◆ Task brief
Exactly the line that contains "Jan 21, 2023;" and the lines following it to the end of the data are to be reproduced, and nothing more.

(Recorded data)
----------------------------------------
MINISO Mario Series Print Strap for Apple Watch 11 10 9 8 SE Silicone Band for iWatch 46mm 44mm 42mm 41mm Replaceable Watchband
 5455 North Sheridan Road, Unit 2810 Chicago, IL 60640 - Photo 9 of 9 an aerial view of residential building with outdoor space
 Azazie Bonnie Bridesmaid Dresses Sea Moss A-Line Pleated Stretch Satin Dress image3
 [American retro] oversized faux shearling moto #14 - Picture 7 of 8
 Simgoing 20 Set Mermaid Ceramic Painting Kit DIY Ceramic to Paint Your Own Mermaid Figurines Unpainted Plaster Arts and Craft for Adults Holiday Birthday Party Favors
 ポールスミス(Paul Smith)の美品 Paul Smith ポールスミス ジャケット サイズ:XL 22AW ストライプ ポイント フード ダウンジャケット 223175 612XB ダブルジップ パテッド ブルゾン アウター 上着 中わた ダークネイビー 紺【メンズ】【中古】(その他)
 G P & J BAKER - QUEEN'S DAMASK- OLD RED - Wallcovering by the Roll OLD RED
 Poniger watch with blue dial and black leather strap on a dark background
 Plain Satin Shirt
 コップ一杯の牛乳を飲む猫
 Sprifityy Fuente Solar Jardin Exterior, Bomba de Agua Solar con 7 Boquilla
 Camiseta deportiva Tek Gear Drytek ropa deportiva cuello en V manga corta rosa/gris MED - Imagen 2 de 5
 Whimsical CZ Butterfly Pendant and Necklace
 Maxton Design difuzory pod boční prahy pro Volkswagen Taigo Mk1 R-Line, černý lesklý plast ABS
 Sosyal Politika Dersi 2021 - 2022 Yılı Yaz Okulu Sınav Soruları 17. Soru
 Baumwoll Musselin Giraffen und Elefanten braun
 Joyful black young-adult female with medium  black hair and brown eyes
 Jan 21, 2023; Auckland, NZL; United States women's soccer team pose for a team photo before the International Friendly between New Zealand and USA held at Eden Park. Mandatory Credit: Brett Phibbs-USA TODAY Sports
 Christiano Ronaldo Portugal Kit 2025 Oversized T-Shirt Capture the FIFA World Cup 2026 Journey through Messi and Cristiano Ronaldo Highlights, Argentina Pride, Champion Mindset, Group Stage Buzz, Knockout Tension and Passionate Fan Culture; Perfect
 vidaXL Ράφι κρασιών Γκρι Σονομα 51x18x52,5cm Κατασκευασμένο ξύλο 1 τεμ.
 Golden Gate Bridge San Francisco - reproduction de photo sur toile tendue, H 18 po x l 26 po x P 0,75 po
----------------------------------------
◆ Problem solution
 Jan 21, 2023; Auckland, NZL; United States women's soccer team pose for a team photo before the International Friendly between New Zealand and USA held at Eden Park. Mandatory Credit: Brett Phibbs-USA TODAY Sports
 Christiano Ronaldo Portugal Kit 2025 Oversized T-Shirt Capture the FIFA World Cup 2026 Journey through Messi and Cristiano Ronaldo Highlights, Argentina Pride, Champion Mindset, Group Stage Buzz, Knockout Tension and Passionate Fan Culture; Perfect
 vidaXL Ράφι κρασιών Γκρι Σονομα 51x18x52,5cm Κατασκευασμένο ξύλο 1 τεμ.
 Golden Gate Bridge San Francisco - reproduction de photo sur toile tendue, H 18 po x l 26 po x P 0,75 po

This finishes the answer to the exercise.